A £10,000 investment at 7% annual return — roughly the historical average — becomes £150,000 over 40 years. The same £10,000 sitting in cash at 3% inflation becomes worth £5,336 in real purchasing power over 20 years. The gap between those two outcomes is not strategy or timing or luck. It is simply showing up consistently, not panicking, and letting compounding do its work.
Takeaway for you
- Open a low-cost index fund account (a global tracker ETF is the starting point Ben recommends) and automate monthly contributions
- Remove investment apps from your phone's home screen — access friction is your friend
- Set a calendar reminder once per year to review your portfolio. That is the frequency most people benefit from
The 5% Rule: Renting vs. Buying Is Not the Question You Think It Is
The rent-versus-buy debate is one of the most emotionally loaded financial decisions people make — and Ben argues it is also one of the most misunderstood. Most people treat renting as "throwing money away." Ben's research shows that owning a home comes with a stack of irrecoverable costs that most buyers dramatically underestimate: mortgage interest, property taxes (typically 0.5–1% of the home's value per year), maintenance costs (Ben now estimates these at well over 2% annually, having been a homeowner for six years), emergency repair reserves, and crucially — the opportunity cost of your equity.
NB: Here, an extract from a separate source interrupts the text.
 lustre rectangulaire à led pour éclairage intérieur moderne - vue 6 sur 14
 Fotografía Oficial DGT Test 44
That last one is the one people miss. Every pound of equity sitting in your home is equity that is not invested in the stock market. If stocks earn 7% per year and home prices track inflation at roughly 2–3%, the gap between those two outcomes, compounded over decades, is enormous. Ben developed what he calls the 5% rule to make this calculation concrete and fast.
"Take the price of the home. Multiply by 5%. Divide by 12. That's the monthly rent where you're roughly break-even between renting and owning. If you can rent the same property for less than that number, renting is likely the better financial decision."
— Ben Felix
On a £300,000 home: £300,000 × 5% = £15,000 ÷ 12 = £1,250 per month. If you can rent an equivalent property for less than £1,250, renting and investing the difference will likely leave you wealthier over the long run. This is not an argument against ever buying a home. It is an argument for making the decision with clear eyes rather than cultural pressure.
Takeaway for you
- Run the 5% rule on the home you're considering — it takes less than two minutes
- If you are renting and can invest the difference between rent and a comparable mortgage payment, do it consistently every month
- Factor in maintenance costs honestly — Ben now uses 2%+ of property value per year as a more realistic estimate than the 1% he originally recommended
Your Skills Are Your Biggest Financial Asset — Are You Selling Them in the Right Market?
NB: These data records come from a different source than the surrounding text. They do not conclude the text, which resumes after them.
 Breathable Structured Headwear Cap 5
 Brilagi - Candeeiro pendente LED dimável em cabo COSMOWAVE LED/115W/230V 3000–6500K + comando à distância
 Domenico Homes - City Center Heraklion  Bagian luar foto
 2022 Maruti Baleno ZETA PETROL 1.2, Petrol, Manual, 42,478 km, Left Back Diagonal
One of the most actionable ideas Ben introduces is about human capital — the economic value of your ability to earn income. For young people in their twenties, Ben argues that your skills and knowledge are almost certainly worth more than any savings you could accumulate in the same period. This reframes the pressure many young people feel to save aggressively as potentially misplaced. Academic research suggests it may actually be suboptimal for young people to save at the same rate as older earners — because the return on investing in your skills at 22 is likely to be higher than the return on putting £200 a month into a pension.
But Ben goes further with a point that resonates deeply for freelancers specifically: it is not just the skills you have, it is the market where you sell them. He tells the story of a biotech writer who earned £50,000 in a general writing role but £250,000 doing the same work for biotech companies preparing for IPO. Same skill — completely different market. The implication for freelancers is profound: developing a rare, complementary stack of skills and then positioning them in the highest-value market is one of the most leveraged financial moves available to you.
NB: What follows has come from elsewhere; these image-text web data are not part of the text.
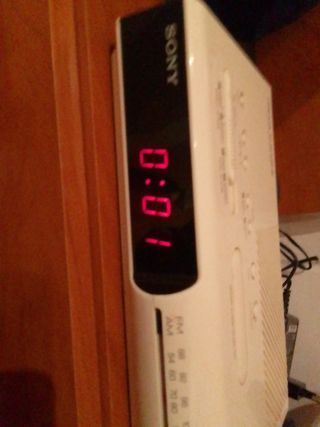 Reloj radio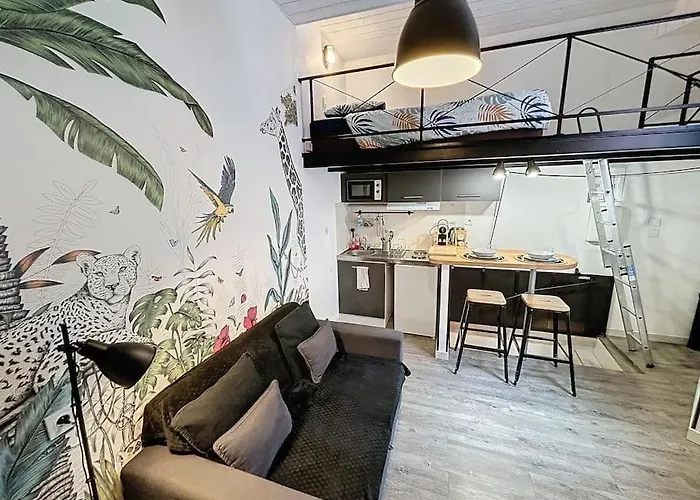 Le Petit Ramblas - Charmant Studio En Hypercentre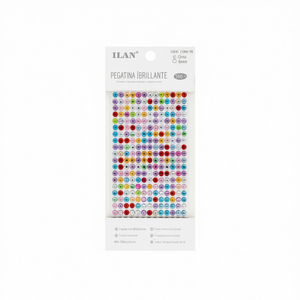 Ilan Adesivo Brillante 6mm Colore 10 260pz - Product Image 1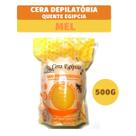 Cera Quente Depilatória Egipcia Elástica Anestésica Mel 500g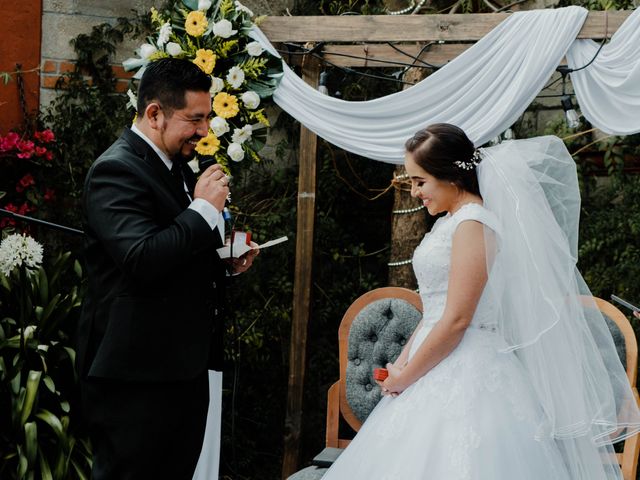 La boda de Fabián y Dulce Arely en Toluca, Estado México 38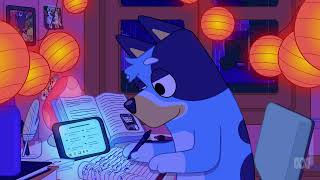 Study With Bluey Cozy Chill Lofi Music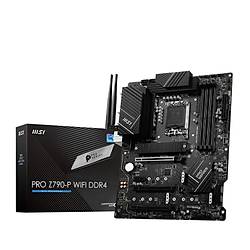 MSI PRO Z790-P WIFI DDR4 SOKET 1700 DDR4 5333MHZ(OC) PCI-E GEN5 M.2 USB3.2�DP HDMI 1X2.5G LAN� WI-FI 6E ATX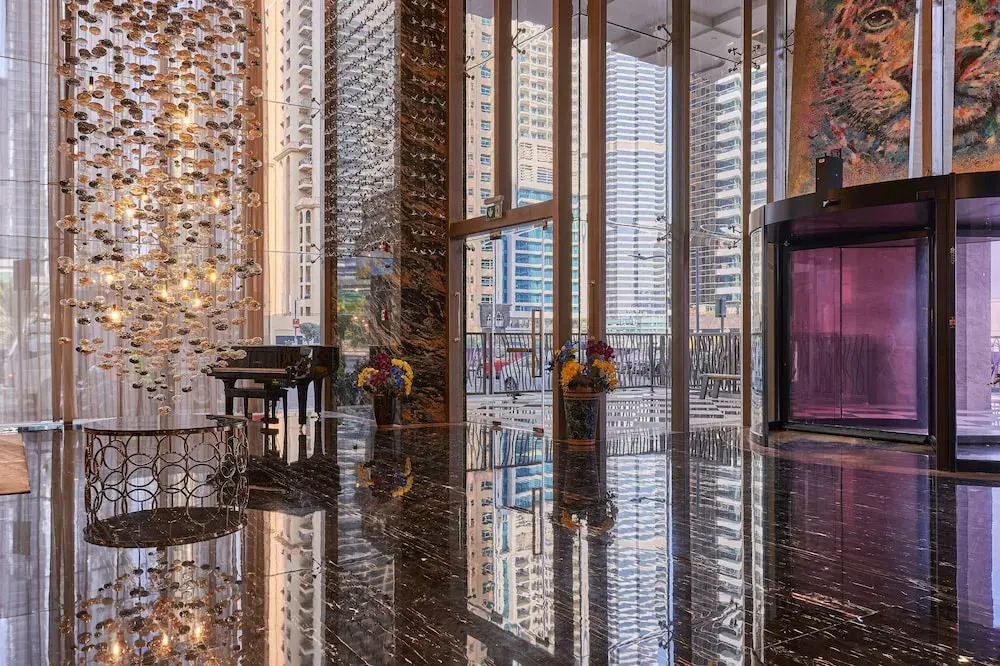 1BR view in a luxurious home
"I really want people to think about how rare their skill stack is. It is not something we are taught."
— Ben Felix
Takeaway for you
- List your current skills — then ask honestly: what adjacent skill, if added, would make this combination genuinely rare?
- Research which industries pay a premium for your existing skills — the same expertise can be worth 5x more in a different sector
- In your twenties and early thirties, prioritise skill acquisition over aggressive saving — the compounding on rare skills outpaces the compounding on small savings pots
The PERMA Model: Designing a Financial Life That Actually Feels Good
Ben's third mistake on his top-10 list is not setting financial goals — and his method for doing so is more sophisticated than anything most financial advisors offer. He uses the PERMA model, drawn from positive psychology research, as a framework for identifying what a genuinely good life looks like before deciding what to do with money. PERMA stands for Positive emotion, Engagement, Relationships, Meaning, and Accomplishment. The research suggests that a life containing all five of these elements is one most people describe as deeply satisfying.
The goal-setting process Ben walks through has three steps: first, list your goals. Second — and this is the counterintuitive one — double the list. Research shows that forcing yourself to generate twice as many goals surfaces objectives people later identify as just as meaningful as their original ones. Third, map each goal to the PERMA categories. This is where the real clarity comes: if you realise that a goal like buying a Ferrari does not score on positive emotion, engagement, relationships, meaning, or accomplishment, you have a data point worth sitting with. And if it does score — say, you take it to track days (engagement) with friends who share the hobby (relationships) — then you can pursue it without guilt, knowing it is genuinely contributing to a good life, not just the appearance of one.
Takeaway for you
- Block 30 minutes this week: list your current financial goals, then force yourself to double the list
- Map each goal to a PERMA category — goals that score zero across all five deserve a second look
- Revisit this exercise once per year; what matters to you at 25 is often not what matters at 35
How to Apply It
| Lesson | Practical action | Why it matters |
|---|---|---|
| Investing is a psychology problem, not a knowledge problem | Automate contributions and remove daily access to your portfolio | The research shows more frequent checking leads to lower risk-taking and lower returns |
| The 5% rule for housing | Run the calculation before making any rent-vs-buy decision | Owning has irrecoverable costs most buyers underestimate by 50% or more |
| Skill stacking beats early saving | Identify one complementary skill to develop this year that makes your existing skills rarer | The return on human capital in your twenties typically outpaces the return on small savings |
| PERMA goal-setting | Map your financial goals to the five PERMA categories before committing money to them | Spending years and money on goals that do not contribute to wellbeing is a compounding mistake |
| Cash loses value silently | Move idle cash into a low-cost global index ETF on a recurring monthly basis | At 3% inflation, £10,000 in cash becomes £5,336 in real value over 20 years |
Your 30-Day Challenge
For the next 30 days, do the following three things. First, set up (or check that you have set up) an automatic monthly transfer into a low-cost index fund — even if it is a small amount. Automate it so it requires no willpower. Second, run the 5% rule on your current housing situation or the one you are considering — write down the number and sit with what it tells you. Third, identify one skill you currently have and research two industries where that skill commands a significantly higher rate than where you are selling it today. Write down what it would take to break into one of those markets. You are not committing to anything. You are just getting clear on the options you have not yet considered.